For the generally higher TPM values of microRNAs a log2.6 scale is used with no indication of background:
For enrichment values a divergent white/yellow/red spectrum is used:
This employs an asymmetric log scale running from white to yellow (0-1) to represent genes with ‘decreased enrichment’, and then from yellow through orange and a wider range of reds to encompass values of ‘increased enrichment’.
▷ Result Presentation Options
The default presentation of the table containing the results of a query has been simplified for initial ease of inspection. Checkboxes provide options of more detailed information. SD appends standard deviations (based on triplicates) to the values. Whole Body includes the abundance values for whole flies. Male v. Female shows the said ratio of abundances, in cases where the tissue is not sex-specific. Checkbox selections are retained in subsequent queries until changed.
▷ Correlating Gene and Transcript data
The table with the transcript data is, of necessity, quite compact. However it is possible to highlight the part of the transcript table corresponding to a particular tissue by clicking/tapping on the cell in question in the gene table.

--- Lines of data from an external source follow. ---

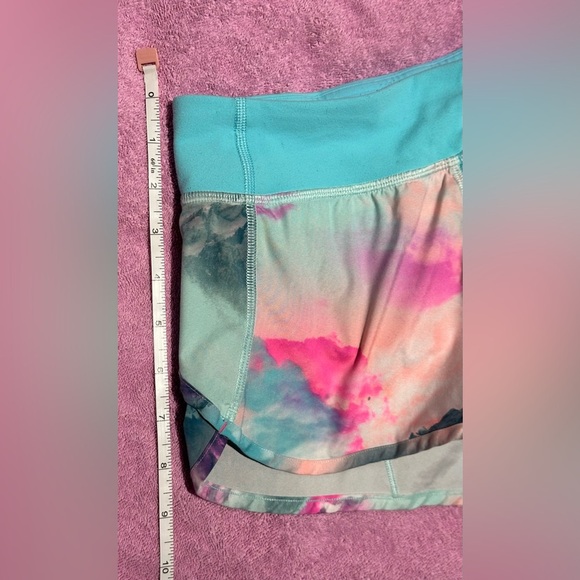 Ivivva: Girls Shorts- Size 12 - Picture 9 of 9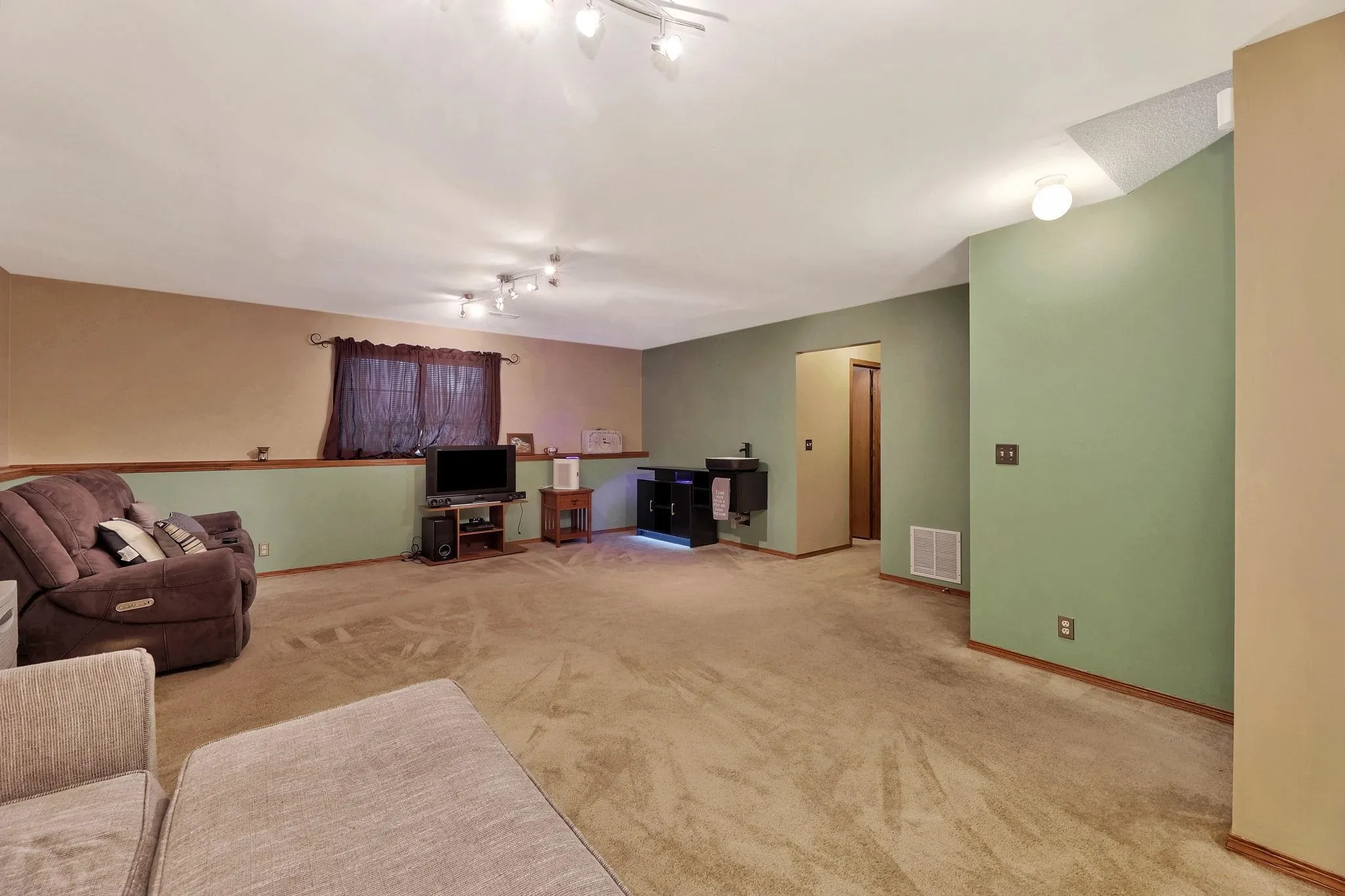 Wichita, Kansas 67216, United States, 3 Bedrooms Bedrooms, ,2 BathroomsBathrooms,Residential,Pending,45887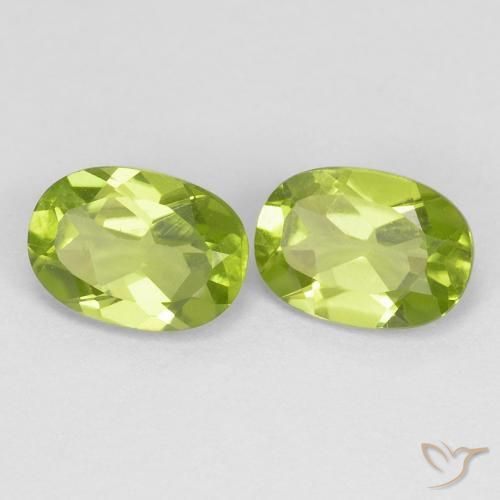 Shop natural 1.78ct Vert moyen Péridot gems, ovale, from Chine at GemSelect. In stock, global shipping!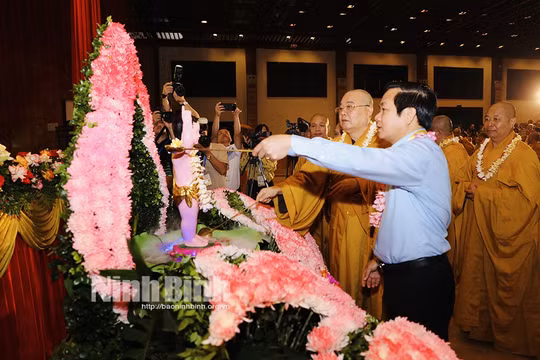 Đại lễ Phật đản năm 2024 tại Ninh Bình lan tỏa tình yêu thương, đoàn kết, kiến tạo thế giới hòa bình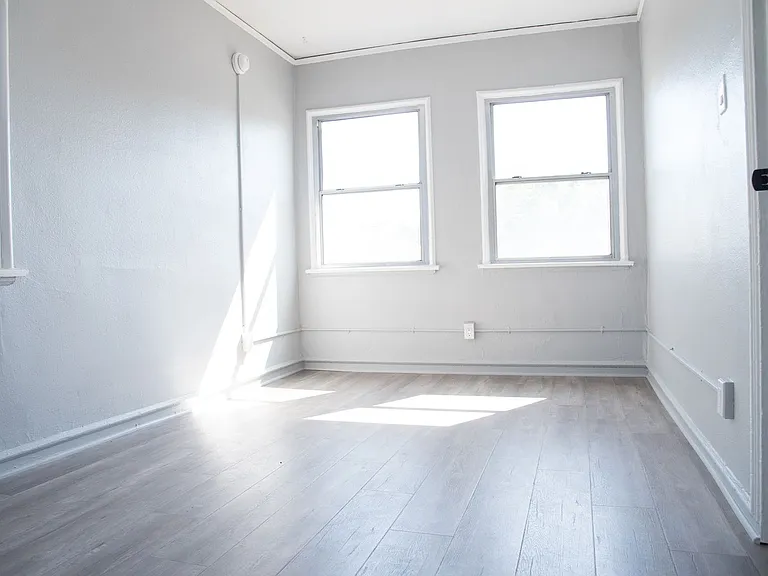 372 Loma Dr — Photo 12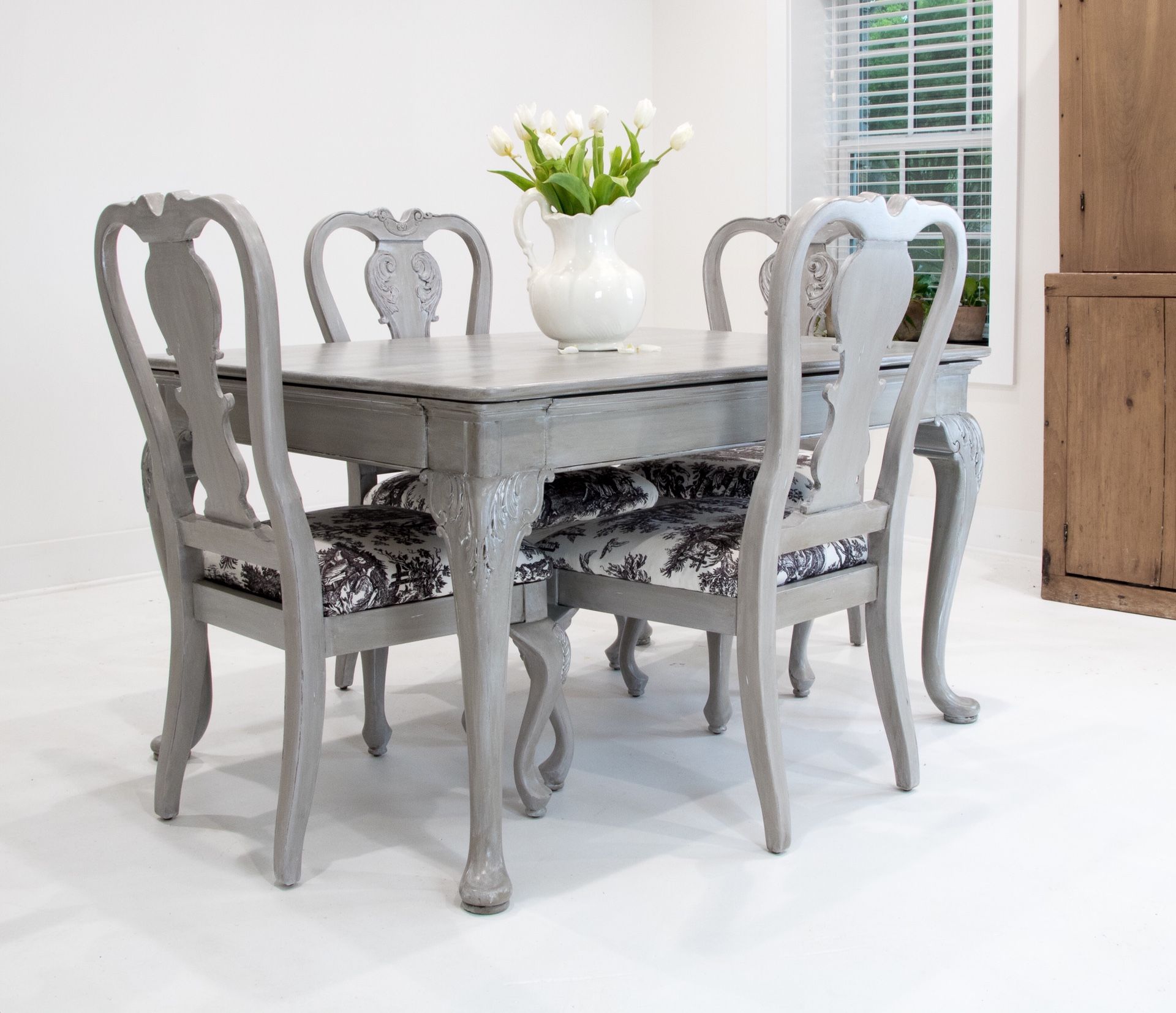 Dining Table and 4 Chairs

Click/tap again to turn the highlighting off. (This does not apply to microRNAs, where the transcripts are presented in a different manner.)
▷ Downloading Tables and Graphics
There are download icons below each of the tables of gene and transcript data. These generate files in tab-separated format with an extension ‘txt’. Such files will likely open in a text editor when double-clicked, but can be imported into open spreadsheet applications, such as MS Excel, LibreOffice or Apple's Numbers. The files can then be formatted and saved in the application’s native format, if required. The microRNA bar chart can be downloaded in SVG format for editing in a suitable application such as Adobe Illustrator or Inkscape.
The ‘name line’ above the results table contains a ‘link-out’ icon on its extreme right. Clicking this invokes a menu of options, the majority to third-party Drosophila resources. Note, however, that the first is to the corresponding gene results for FlyAtlas 1 — although only in cases where the gene is represented in that facility (e.g. not for RNA genes of any sort).
The ‘name line’ above the results table contains an item entitled ‘paralogues’. This allows one to view the results for the gene and any paralogues together (in the same format as for bulk searches). The list of paralogues is taken from FlyBase, and one should realize that it includes both close and distant homologues. The final cut-off is to some extent arbitrary, and it is ultimately up to the individual to perform his own sequence comparisons to decide on their biological significance.
Transcript results provide an option to ‘View in UCSC Genome Browser’. Clicking this gives an explanatory page with a link to the gene of interest in the UCSC Browser, with the reads from FlyAtlas 2 superimposed. This is useful both for assessing the quality of the data for oneself, and for checking unique exons that define particular transcripts. You are strongly advised to read the explanatory page the first time you use this. We think that the facility offered by the UCSC Browser is excellent, but its richness means that it does require some effort on the user’s part.
Clicking on the icons showing a question mark in a circle invokes in-page help about downloading tables and about correlating gene and transcript data, as explained above.